California consumers rank among the nation's biggest spenders on housing and the lowest spenders on energy, according to new government data.
Per-capita spending on housing and utilities totaled $8,650 in 2012, which is sixth-highest in the country and well above the national average of $6,415. California was surpassed only by the District of Columbia at $11,985, Hawaii at $10,002, Connecticut at $9,524, Maryland at $9,000 and New Jersey at $8,861.
That's no surprise in a state with many of the most expensive housing markets. California occupied four of the top five slots in a National Association of Realtors survey of single-family home sale prices in the first three months of this year, led by San Jose and San Francisco, and followed by Anaheim-Santa Ana and San Diego.
On the flip side, a state known for its freeway culture ranked fourth-to-last in spending on gasoline and other energy goods in 2012. Per-capita spending was $1,039 in 2012, ahead of Florida at $1,020, New York at $919 and Hawaii at $882. The national average was $1,328.
The warm climate that draws many to California drives up housing prices but also keeps a lid other pocketbook items, said Jerry Nickelsburg, economics professor at the UCLA Anderson School of Management.

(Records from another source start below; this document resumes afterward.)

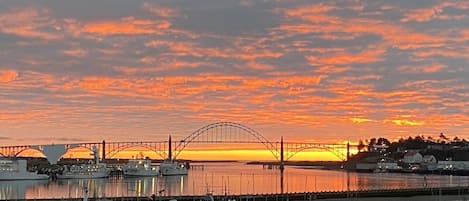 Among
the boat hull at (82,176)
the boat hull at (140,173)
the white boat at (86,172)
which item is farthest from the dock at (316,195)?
the boat hull at (140,173)

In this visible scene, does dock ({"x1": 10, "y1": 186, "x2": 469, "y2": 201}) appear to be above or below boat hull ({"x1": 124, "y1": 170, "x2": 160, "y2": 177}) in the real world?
above

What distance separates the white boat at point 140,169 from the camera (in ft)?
533

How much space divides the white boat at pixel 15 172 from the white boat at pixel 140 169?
82.6ft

"You spend more on housing but less on clothing, heating and even less on air conditioning," Nickelsburg said. "There are a few things that help balance the equation."

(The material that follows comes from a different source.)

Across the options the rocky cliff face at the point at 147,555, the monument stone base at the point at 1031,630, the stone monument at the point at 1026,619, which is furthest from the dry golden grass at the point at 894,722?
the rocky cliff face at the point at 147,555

The figures emerged from an annual report the U.S. Commerce Department released Thursday. For the first time, it reveals consumer spending on a state-by-state basis from 1997 through 2012.
The numbers point to substantial shifts in the economy since the Great Recession ended. The recession, which began in December 2007, officially ended in June 2009.
Spending in California surged 13.4 percent from 2009 to 2012, slightly above the national increase of 13.3 percent. North Dakota posted the largest spending increase during that time — 28 percent — a boom that was largely due to a breakthrough drilling technique known as hydraulic fracturing that has unlocked vast oil and gas reserves.
California consumers spent an average of $37,134 per person in 2012, slightly ahead of the rest of the nation. They spent less than average on health care and dining out.
Despite relatively high costs of gasoline, Californians have controlled energy spending partly by embracing hybrid and fuel-efficient vehicles, Nickelsburg said.
Others have controlled costs by cutting down on commuting time, said Christopher Thornberg, founding partner of Beacon Economics, a Los Angeles consulting firm.
"While the traffic is pretty bad, one consequence is that people tend to live closer to work," he said.